Malingre Précoce is a white variety of grape of French origin used primarily as table grape and to some extent for wine. It was first cultivated by a French gardener named Malingre in the vicinity of Paris around 1840, who created it from seedlings of unknown origin. The term "précoce" indicates early ripening, and because of this property Malingre Précoce finds some use in cold climate viticulture.
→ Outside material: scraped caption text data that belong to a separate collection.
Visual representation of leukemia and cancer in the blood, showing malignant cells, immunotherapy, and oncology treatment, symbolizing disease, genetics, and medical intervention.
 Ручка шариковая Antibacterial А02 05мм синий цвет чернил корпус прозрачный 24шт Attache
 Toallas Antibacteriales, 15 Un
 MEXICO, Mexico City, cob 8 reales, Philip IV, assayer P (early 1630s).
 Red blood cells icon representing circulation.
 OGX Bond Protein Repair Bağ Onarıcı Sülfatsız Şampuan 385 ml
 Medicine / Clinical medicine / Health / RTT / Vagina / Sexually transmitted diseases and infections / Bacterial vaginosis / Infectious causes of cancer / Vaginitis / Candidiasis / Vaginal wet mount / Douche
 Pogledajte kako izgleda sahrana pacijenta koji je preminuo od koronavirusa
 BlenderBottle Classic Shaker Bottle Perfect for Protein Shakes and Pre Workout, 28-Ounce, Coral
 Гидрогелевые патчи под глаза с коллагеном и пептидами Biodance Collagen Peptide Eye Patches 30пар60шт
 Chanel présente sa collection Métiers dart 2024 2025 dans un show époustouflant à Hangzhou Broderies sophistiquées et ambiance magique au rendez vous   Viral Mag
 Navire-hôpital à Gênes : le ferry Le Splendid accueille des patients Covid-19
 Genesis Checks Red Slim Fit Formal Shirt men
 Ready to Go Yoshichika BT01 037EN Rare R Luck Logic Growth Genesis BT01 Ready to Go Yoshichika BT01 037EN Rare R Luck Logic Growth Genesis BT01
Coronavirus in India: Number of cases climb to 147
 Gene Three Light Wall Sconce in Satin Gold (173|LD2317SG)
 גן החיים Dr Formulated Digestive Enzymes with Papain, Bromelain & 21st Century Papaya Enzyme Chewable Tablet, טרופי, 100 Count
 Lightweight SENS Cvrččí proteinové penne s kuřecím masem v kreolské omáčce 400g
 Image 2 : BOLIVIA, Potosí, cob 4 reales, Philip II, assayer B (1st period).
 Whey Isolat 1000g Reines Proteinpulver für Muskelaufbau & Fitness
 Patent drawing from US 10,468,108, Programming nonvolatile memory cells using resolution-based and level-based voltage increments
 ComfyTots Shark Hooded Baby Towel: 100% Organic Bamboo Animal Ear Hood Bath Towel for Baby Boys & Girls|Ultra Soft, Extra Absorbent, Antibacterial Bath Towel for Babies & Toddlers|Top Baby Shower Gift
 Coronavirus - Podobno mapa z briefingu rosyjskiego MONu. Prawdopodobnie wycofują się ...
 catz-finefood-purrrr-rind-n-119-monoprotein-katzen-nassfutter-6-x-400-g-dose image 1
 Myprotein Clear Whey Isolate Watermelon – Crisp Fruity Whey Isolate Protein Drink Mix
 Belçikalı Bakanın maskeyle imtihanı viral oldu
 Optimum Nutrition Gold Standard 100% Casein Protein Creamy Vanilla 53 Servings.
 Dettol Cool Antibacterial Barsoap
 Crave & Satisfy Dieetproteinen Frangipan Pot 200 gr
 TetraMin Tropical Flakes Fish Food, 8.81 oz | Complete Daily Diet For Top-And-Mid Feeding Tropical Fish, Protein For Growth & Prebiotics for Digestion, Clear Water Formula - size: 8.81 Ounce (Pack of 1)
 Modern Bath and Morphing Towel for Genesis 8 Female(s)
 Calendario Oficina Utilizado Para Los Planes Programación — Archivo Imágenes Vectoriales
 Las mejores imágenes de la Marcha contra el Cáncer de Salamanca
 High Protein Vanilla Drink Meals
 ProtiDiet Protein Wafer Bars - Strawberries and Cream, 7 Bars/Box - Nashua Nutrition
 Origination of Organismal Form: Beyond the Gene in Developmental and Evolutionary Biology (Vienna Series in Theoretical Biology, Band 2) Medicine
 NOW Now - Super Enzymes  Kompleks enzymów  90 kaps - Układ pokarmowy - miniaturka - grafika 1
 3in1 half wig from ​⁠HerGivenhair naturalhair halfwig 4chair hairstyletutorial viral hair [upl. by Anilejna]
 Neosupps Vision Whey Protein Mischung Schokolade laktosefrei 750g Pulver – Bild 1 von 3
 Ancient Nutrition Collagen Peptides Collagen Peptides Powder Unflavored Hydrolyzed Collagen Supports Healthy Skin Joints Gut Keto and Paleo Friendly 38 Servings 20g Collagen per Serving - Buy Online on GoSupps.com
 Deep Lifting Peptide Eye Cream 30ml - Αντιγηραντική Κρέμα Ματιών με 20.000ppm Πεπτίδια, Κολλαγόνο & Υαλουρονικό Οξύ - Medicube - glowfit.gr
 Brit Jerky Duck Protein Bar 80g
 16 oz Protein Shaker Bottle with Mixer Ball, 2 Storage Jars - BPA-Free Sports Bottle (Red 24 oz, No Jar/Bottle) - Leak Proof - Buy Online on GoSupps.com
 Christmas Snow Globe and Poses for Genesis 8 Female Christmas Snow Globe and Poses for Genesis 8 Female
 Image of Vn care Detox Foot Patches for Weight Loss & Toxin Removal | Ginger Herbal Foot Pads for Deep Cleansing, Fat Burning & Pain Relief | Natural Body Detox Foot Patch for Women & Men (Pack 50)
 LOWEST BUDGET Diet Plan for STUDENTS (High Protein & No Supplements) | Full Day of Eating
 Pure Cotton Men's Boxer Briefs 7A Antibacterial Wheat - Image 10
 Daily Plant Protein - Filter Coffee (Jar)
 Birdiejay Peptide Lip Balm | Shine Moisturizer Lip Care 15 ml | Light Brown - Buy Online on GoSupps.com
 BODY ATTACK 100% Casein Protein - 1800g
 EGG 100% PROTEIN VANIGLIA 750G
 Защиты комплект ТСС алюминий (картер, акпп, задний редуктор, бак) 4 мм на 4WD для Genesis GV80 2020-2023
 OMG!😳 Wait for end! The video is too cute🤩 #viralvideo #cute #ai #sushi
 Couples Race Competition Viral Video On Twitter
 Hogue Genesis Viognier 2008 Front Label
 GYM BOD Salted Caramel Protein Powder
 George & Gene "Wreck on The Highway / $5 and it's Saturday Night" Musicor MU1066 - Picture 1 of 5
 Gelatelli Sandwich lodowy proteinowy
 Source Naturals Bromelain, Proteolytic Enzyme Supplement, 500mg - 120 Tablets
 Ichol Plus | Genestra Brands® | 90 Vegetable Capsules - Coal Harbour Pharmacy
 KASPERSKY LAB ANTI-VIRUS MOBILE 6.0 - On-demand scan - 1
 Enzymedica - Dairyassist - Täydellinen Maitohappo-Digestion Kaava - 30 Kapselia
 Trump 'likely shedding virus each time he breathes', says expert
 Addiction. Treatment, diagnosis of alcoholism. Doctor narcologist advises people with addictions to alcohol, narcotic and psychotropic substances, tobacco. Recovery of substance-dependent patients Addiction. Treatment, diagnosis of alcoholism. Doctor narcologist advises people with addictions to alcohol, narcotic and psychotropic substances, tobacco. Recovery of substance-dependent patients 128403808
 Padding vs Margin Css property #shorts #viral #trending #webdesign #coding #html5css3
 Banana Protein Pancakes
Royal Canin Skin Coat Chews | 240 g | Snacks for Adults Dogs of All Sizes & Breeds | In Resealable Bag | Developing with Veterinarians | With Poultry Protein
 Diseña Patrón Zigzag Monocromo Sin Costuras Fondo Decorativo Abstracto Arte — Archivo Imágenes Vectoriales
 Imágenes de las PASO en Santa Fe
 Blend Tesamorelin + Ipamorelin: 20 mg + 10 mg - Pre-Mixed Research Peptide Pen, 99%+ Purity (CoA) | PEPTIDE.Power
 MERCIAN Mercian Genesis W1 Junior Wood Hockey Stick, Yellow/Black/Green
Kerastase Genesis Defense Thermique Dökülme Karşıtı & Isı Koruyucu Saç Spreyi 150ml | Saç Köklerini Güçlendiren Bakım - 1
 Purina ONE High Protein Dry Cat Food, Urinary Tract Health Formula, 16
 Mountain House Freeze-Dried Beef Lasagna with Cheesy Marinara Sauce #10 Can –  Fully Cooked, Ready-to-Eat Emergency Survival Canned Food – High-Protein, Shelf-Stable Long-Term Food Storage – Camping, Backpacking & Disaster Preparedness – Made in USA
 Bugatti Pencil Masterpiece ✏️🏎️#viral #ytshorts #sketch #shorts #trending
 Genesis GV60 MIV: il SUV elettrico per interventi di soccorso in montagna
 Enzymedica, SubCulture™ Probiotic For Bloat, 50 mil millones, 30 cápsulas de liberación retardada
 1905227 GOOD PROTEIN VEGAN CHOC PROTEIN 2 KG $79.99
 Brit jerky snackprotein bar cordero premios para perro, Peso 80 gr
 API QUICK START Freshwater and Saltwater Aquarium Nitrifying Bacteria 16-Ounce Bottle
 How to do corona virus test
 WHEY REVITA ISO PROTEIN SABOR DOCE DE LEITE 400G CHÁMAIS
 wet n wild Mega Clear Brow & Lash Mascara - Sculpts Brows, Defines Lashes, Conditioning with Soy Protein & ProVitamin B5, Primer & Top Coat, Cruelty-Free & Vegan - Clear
Malingre Précoce has been used as a crossing partner for many other grape varieties, including Madeleine Angevine and Zarya Severa.

==Synonyms==
Malingre Précoce is also known under the following synonyms: Blanc Précoce de Malingre, Chasselas de Tramontaner, Dr. Schmidtmanns, Early Malingre, Früher Gelber Malingre, Früher Malingre, Frühreifender Malingre, Hodvabne, Hodvapne, Korai Malingre, Madeleine Blanche de Malingre, Malengr Precos, Malengr Prekos, Malengr Ranii, Malinger Früher Gelber, Malinger Skory, Malingre, Malingre Koraija, Malingre Precose, Malingrovo Rane, Malingrovo Skore, Malmgra Pracosa, Précoce Blanc, Précoce de Malingre, Precos Blan, Precose de Malingre, Preko, Prekos de Malengr.